After much deliberation over Justice Breyer’s replacement, Biden has appointed D.C. Circuit Court judge Ketanji Brown Jackson as the first Black woman to sit on the Supreme Court. Jackson always had a hunger for justice in the legal system. When she was a child, she used to sit next to her father with coloring books while he studied law books. In high school, she was incredibly gifted at speech and debate, later attending a debate competition at Harvard University and immediately falling in love with the campus. Her family descended from slaves, and she is only the second generation in her family to graduate college. After she graduated in 1992 from Harvard University, she returned to Cambridge to attend Harvard Law School and get her law degree. She clerked for Justice Breyer, whom she is replacing on the Supreme Court, from the years 1999-2000. Breyer was not only her employer, but an avid supporter of her objectives and believes that her background will set her apart as a justice.

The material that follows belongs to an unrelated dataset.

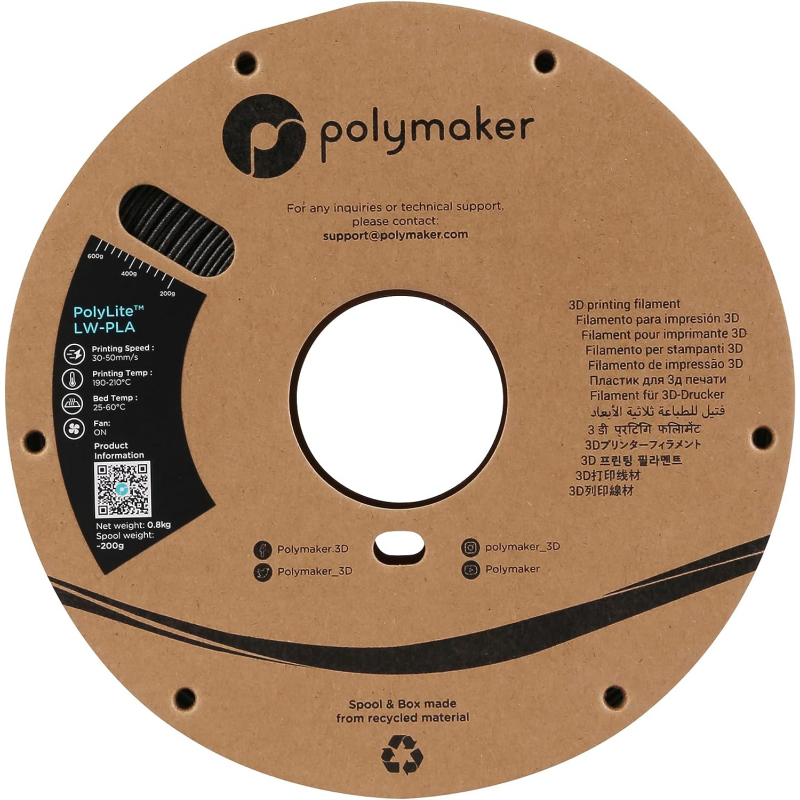 PolyLite LW-PLA Noir - 1.75mm - 800 g - Polyfab3D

“She sees things from different points of view, and she sees somebody else’s point of view and understands it,” Breyer said.
Jackson is outspoken, opinionated and brings knowledge of criminal law and sentencing legal policy to the Supreme Court. Her rulings as a district judge in D.C. include blocking the Trump administration’s attempts to fast-track deportation and stating in 2019 that Donald F. McGahn II, the former White House counsel, had to obey a congressional subpoena on his testimony regarding Trump’s actions during the Russia investigation. Jackson isn’t afraid to kick our politicians off their ego-fueled pedestals because they have a Constitution to uphold, not their selfish needs. Should they be afraid of Ketanji Brown Jackson? Yes, they should.

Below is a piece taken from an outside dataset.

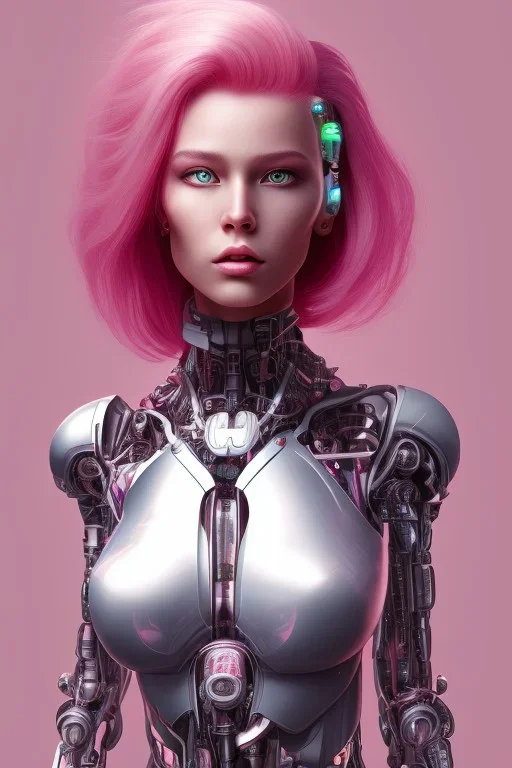 cyborg, pink hair,seven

Although this is a step in the positive direction, it’s 2022. Why did it take so long for a Black female Supreme Court justice to have the opportunity to take the bench? I have an answer: we’ve been passively letting racism take over our country. The sickest thing is that the men who are campaigning against allowing a Black female justice in the Court would probably applaud our president if he announced the nomination of a white female for the Supreme Court position. Like Biden said in a Jan. 27 press conference, “it’s long overdue in my view” for a Black female to have a seat on the Supreme Court.

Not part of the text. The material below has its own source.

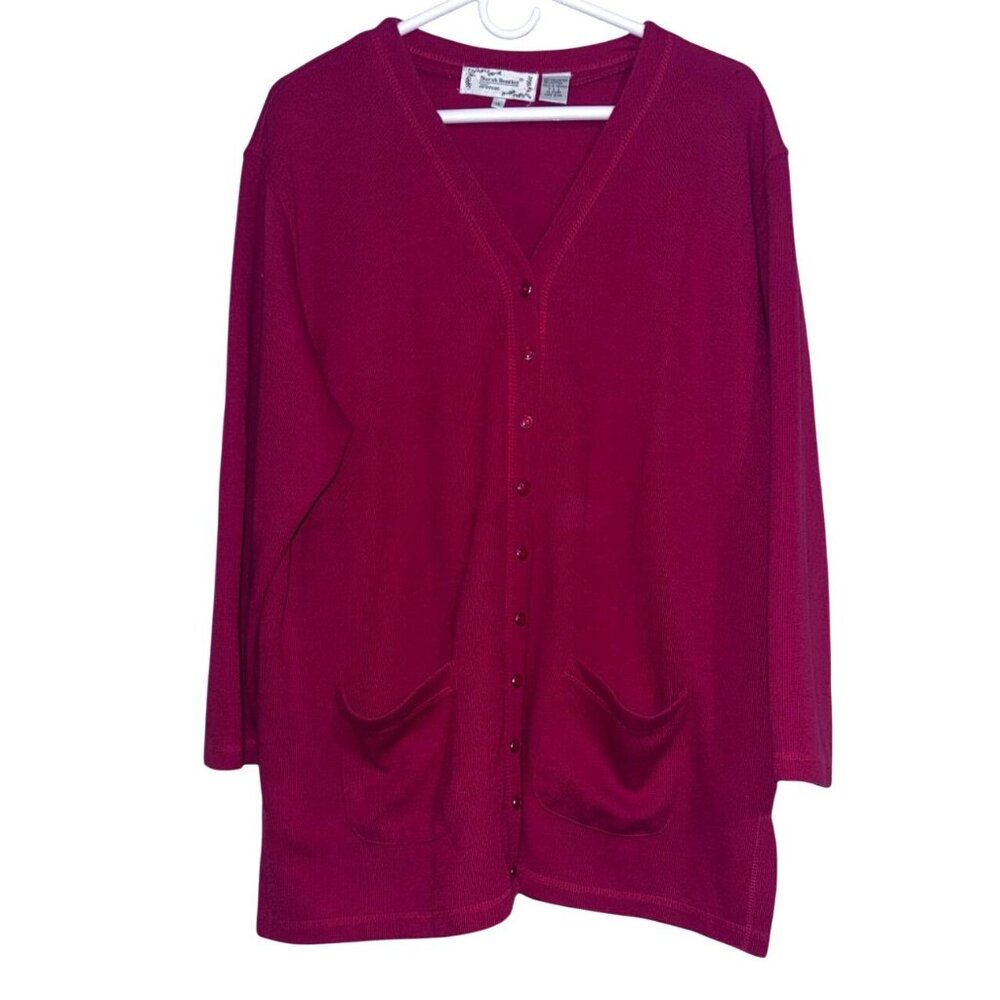 Sarah Bentley Womens Magenta Button Front Cardigan Sweater 1x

All this said, there wouldn’t even be a debate if a man would be replacing Justice Breyer’s seat on the Supreme Court. It would barely scratch the surface of the tabloids, given the country’s favoritism of men taking higher power positions. Men are respected and trusted to make decisions that will impact our country, even though they’ve proved time and time again that our country needs some better leadership skills. But, now that a Black woman is announced to fill a white man’s seat on the Supreme Court, the world sits up straighter. It’s a new perspective that the world is unfamiliar with, and it stretches the boundaries of where our legislative leaders have been sitting comfortably at.
Our country needs to know that their government values truth and equality over all else. Ketanji Brown Jackson sitting on the Supreme Court is long overdue, and she will start a conversation within the Court that will carry on for centuries to come.